# new ceter channel for my system



## tylerlovely2006 (Apr 13, 2011)

Hi i am trying to figure out a good center channel for my system. my fronts are Infinity reference two, the center i have now is a Yamaha ns-ap4400. it would be great if i could get it under the TV stead of on the shelf cuz the shelf has is only 5 1/4 inch from top to bottom.

i was looking at a Polk center CS10 but it wont fit in the stand and the back of the enclosure is slanted so the TV cant fit on top of it the TV has a 2foot by 9inch base on it.


----------



## eugovector (Sep 4, 2006)

Typically you want your center channel to match your front. The same speaker is ideal, but if form factor is a consideration, at least the same manufacturer/model line. That will be hard to do with your fronts as they are older, correct?
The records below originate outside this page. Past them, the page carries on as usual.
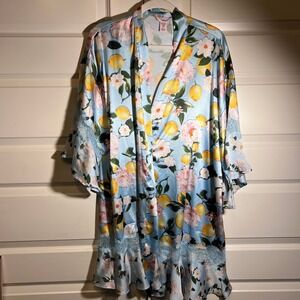 Victoria's Secret Satin Lemon Blossom Kimono Robe, Women's Size M/L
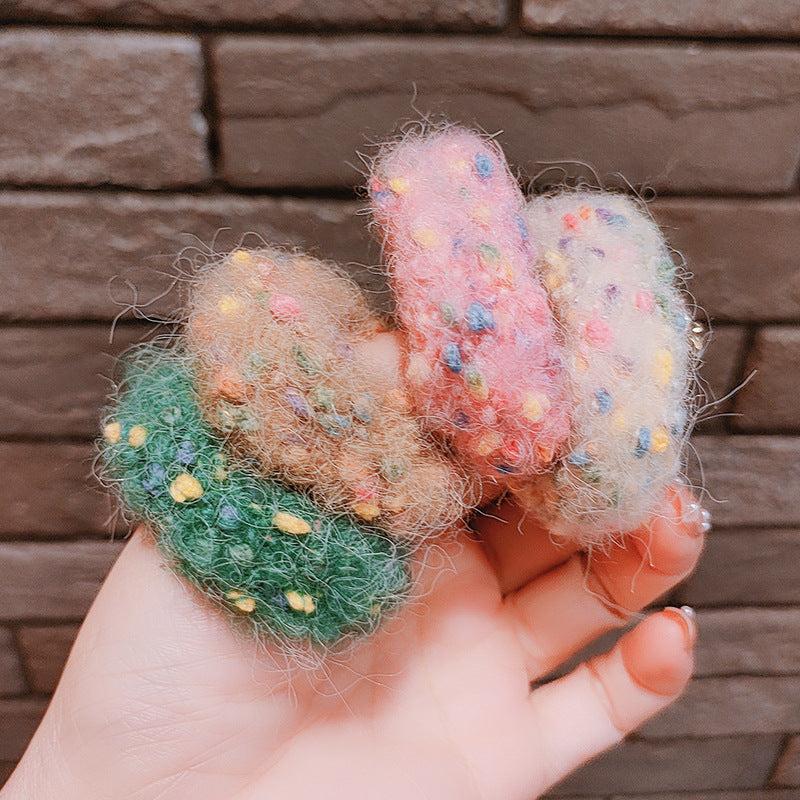Rainbow Plush Hair Ring Head Rope Female Rubber Band Headdress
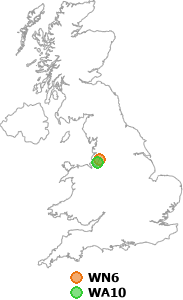 map showing distance between WN6 and WA10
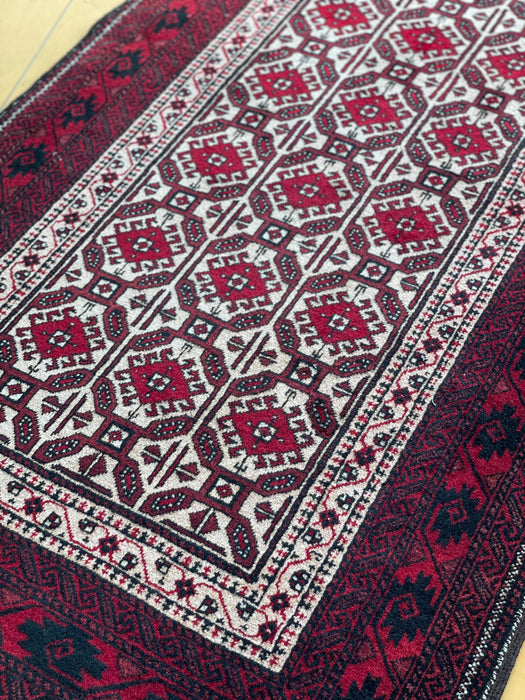 Persian Hand Knotted "Semi Antique" Baluchi Rug Size: 188 x 93cm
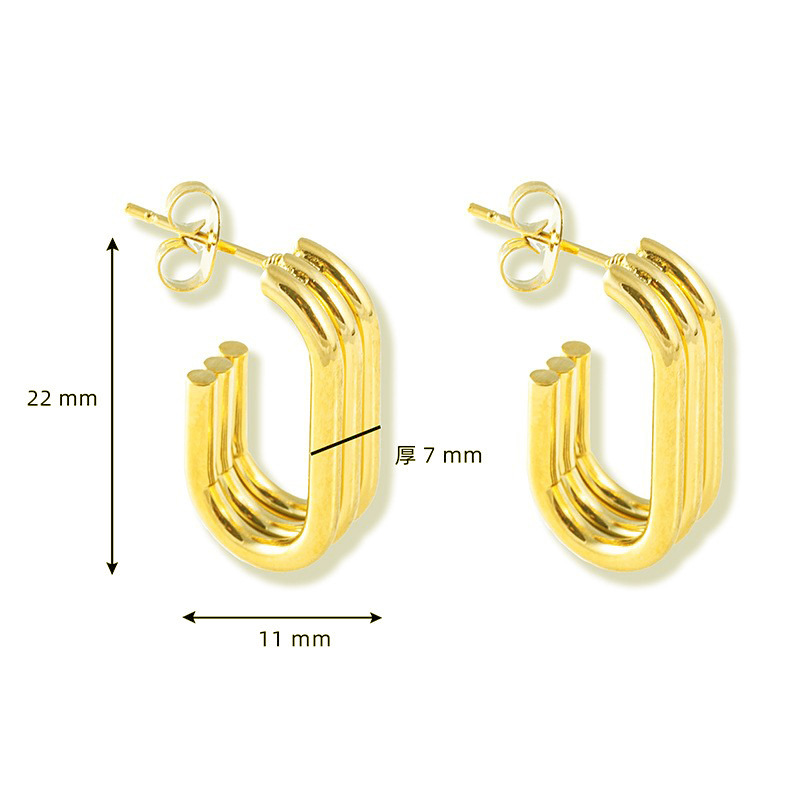 Pendientes geométricos de triple capa en forma de U, de acero inoxidable, diseño elegante y de nicho, versátiles, joyería europea/americana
I'd probably just pick something you like that will fit your size requirements. Pick something of some quality with readily available matching fronts and maybe, down the road, you can invest in a matching front soundstage.


----------



## Jungle Jack (Jul 28, 2009)

Hello,
Without question, I would get an Infinity Center Channel ideally from the same Series as your Front Speakers. Infinity makes excellent Speakers so I only see positives in doing so.
Cheers,
JJ


----------



## tylerlovely2006 (Apr 13, 2011)

Well jack my fronts are so old that there before multi channel surround came out but I was thinking that the Infinity primus pc250 or the pc350 would be a good match or getting a set of reference ones. Then mod them to center channel.


----------



## Jungle Jack (Jul 28, 2009)

Hello,
Even if from a different vintage, sticking with Infinity's is the way I would go. The Primus offer awesome value. All I can say is to get the most expensive Center Channel you can possibly afford as it truly is the lynchpin to a great HT.
Cheers,
JJ


----------